• US-Kongress: Zerschlagung "bestimmter dominierender Plattformen" im Gespräch
    • ifo: Weltwirtschaft schrumpft um 4,4 %
    • Trump: Kein weiteres Konjunkturpaket vor der Wahl
    • Deutschland: Industrieproduktion enttäuscht im August
    • Corona: Nächster Trump-Berater infiziert
    • Lagarde: EZB zu weiteren Stimuli bereit
    • Pwc/UBS: Corona-Krise macht Super-Reiche noch reicher
    • Nawalny: "Schröder ist Laufbursche Putins"
    • Konsequenzen aus dem Wirecard-Skandal

    DAX & Wall Street

    • Der deutsche Aktienmarkt hat sich am Donnerstag per Schlusskurs kaum von der Stelle bewegt. Der DAX beendete den Xetra-Handel mit einem Plus von 0,17 Prozent bei 12.928,57 Punkten, nachdem das Börsenbarometer zeitweise aber bis auf 12.837 Punkte in die Tiefe gerutscht war. Das in den USA erhoffte große US-Konjunkturpaket wird nach der Ansage Donald Trumps auf die Zeit nach der Präsidentschaftswahl verschoben. Die Anleger hatten jedoch auf eine baldige erneute Hilfe gehofft, um die Wirtschaft weiter zu stützen. Analysten halten dies aber nur für einen taktischen Zug des US-Präsidenten. In der Vergangenheit hätte er solche Methoden schon öfter verwendet, um die Gegenseite zu entmutigen und so bessere Bedingungen für sich selbst herauszuschlagen. Das Hilfspaket könnte also noch kommen.
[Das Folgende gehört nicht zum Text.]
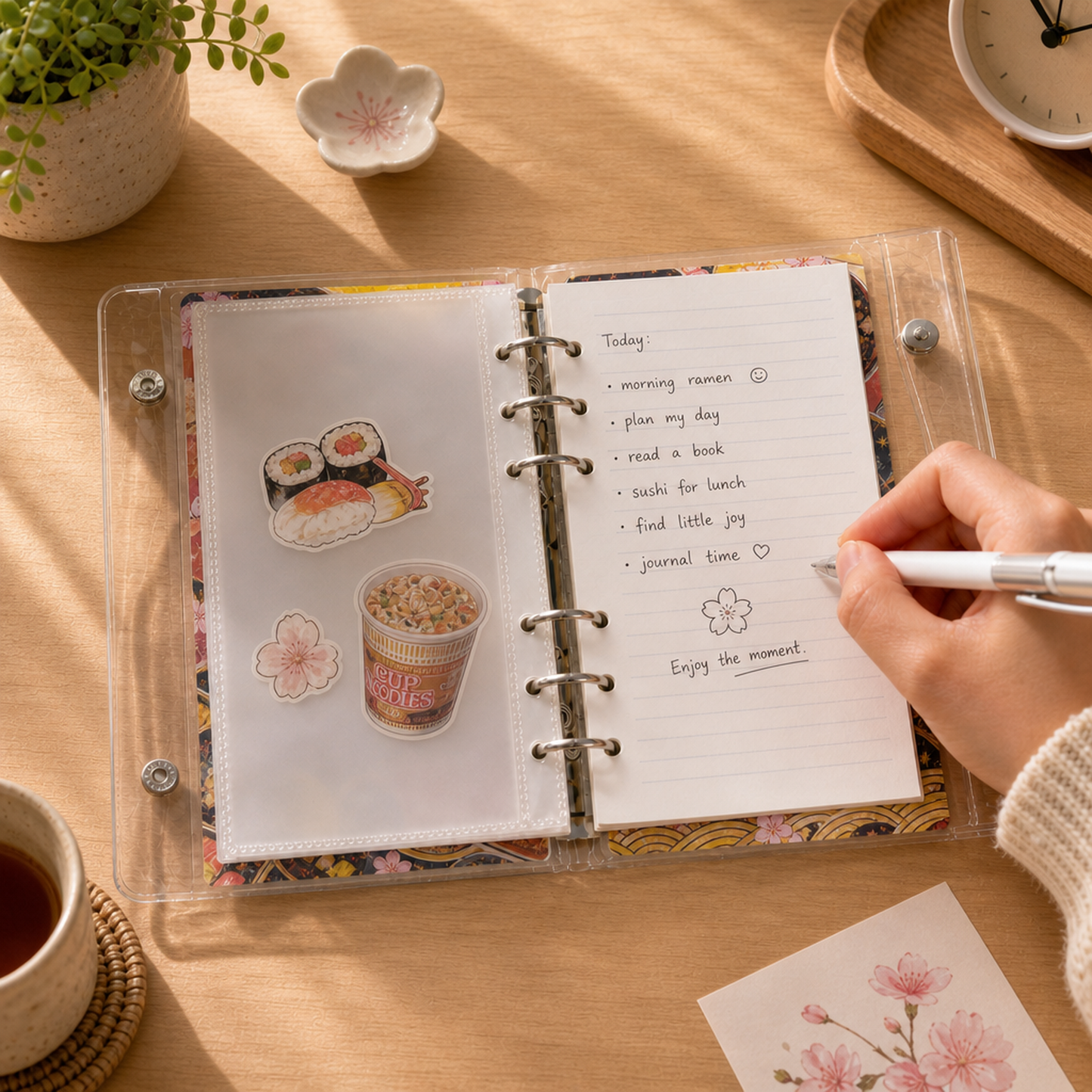 Acrylic Shaker Notebook - Japanese Food detail image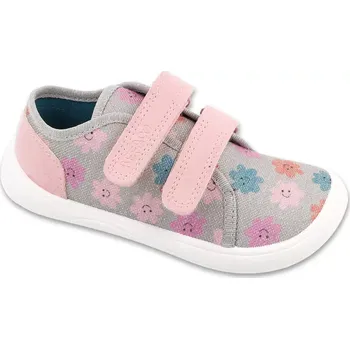 Dívčí tenisky BEFADO 141X001 tenisky BAREFOOT kytičky 29 141XY001_29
Wohl auch deshalb wurde der Stopp der Verhandlungen am deutschen Aktienmarkt eher gelassen aufgenommen. Die heutigen Produktionsdaten aus der deutschen Industrie für August enttäuschten. Die Erholung nach dem coronabedingten Einbruch scheint ins Stocken geraten zu sein.
    • Die US-Indizes haben sich am Mittwoch von ihren Vortagesverlusten deutlich erholt. Der Dow Jones gewann 1,91 Prozent auf 28.303,46 Punkte, der S&P 500 verbesserte sich um 1,74 Prozent auf 3.419,45 Zähler und der Nasdaq 100 beendete den Tag mit plus 1,88 Prozent auf 11.503,19 Punkte.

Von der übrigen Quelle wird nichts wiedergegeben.